We thank the referee for their constructive and detailed feedback. We address each major comment below with clarifications and commitments to revisions that strengthen the presentation of the method, experiments, and analysis without misrepresenting the original contributions.

read point-by-point responses
  1. Referee: [Abstract and §3] Abstract and §3 (method description): The core claim that 'a reward advantage can be interpreted ... as a target for the relative log-ratio' is load-bearing but under-specified for binary 0/1 verifiable rewards. Advantage is discrete and bounded while log-ratios are unbounded; without an explicit temperature β, baseline subtraction, or value function to scale the target, the gap update risks driving probability mass to extremes rather than stabilizing the ELBO estimate.
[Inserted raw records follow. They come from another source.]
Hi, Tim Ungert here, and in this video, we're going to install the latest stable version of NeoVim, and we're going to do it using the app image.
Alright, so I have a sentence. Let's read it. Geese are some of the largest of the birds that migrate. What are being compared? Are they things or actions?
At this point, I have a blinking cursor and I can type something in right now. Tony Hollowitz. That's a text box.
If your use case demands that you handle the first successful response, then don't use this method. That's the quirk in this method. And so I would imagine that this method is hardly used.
    Authors: We agree that the scaling for binary verifiable rewards requires explicit treatment to prevent potential instability from unbounded log-ratios. In the revised manuscript we will introduce a temperature parameter β that scales the reward advantage to define the target relative log-ratio (target = β × advantage). This provides a continuous, tunable calibration signal, bounds the magnitude of updates, and avoids driving probability mass to extremes. We will update the abstract, §3, and the method description accordingly, while preserving the core interpretation that the advantage serves as both direction and target. revision: yes

  2. Referee: [Experiments] Experiments section (results on planning and math benchmarks): The reported 'especially strong gains on planning tasks' and 'competitive mathematical-reasoning performance' lack effect sizes, standard deviations, number of runs, or direct comparison to ELBO-based RLVR baselines. This makes it impossible to verify whether the calibration step reduces variance or simply correlates with other implementation choices.
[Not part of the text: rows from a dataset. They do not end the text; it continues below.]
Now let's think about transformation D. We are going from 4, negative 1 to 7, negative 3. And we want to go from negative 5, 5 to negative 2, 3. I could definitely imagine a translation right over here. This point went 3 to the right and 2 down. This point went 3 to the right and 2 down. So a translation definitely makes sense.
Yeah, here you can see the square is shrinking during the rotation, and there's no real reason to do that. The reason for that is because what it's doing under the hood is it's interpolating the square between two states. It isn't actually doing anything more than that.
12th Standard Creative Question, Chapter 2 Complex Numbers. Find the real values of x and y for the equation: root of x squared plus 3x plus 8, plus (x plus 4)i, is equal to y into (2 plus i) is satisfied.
    Authors: We acknowledge that the current experimental reporting is insufficient for rigorous verification. In the revised experiments section we will add absolute effect sizes, standard deviations computed across multiple independent runs (explicitly stating the number of random seeds), and direct head-to-head comparisons against ELBO-based RLVR baselines. These additions will allow readers to isolate the contribution of the RSPO calibration to variance reduction. revision: yes

  3. Referee: [§3.2] §3.2 or algorithm pseudocode: No derivation or variance analysis is shown demonstrating that updating on the gap between noisy relative log-ratio and reward-implied target reduces ELBO variance rather than coupling reward noise into the already-approximate diffusion likelihoods.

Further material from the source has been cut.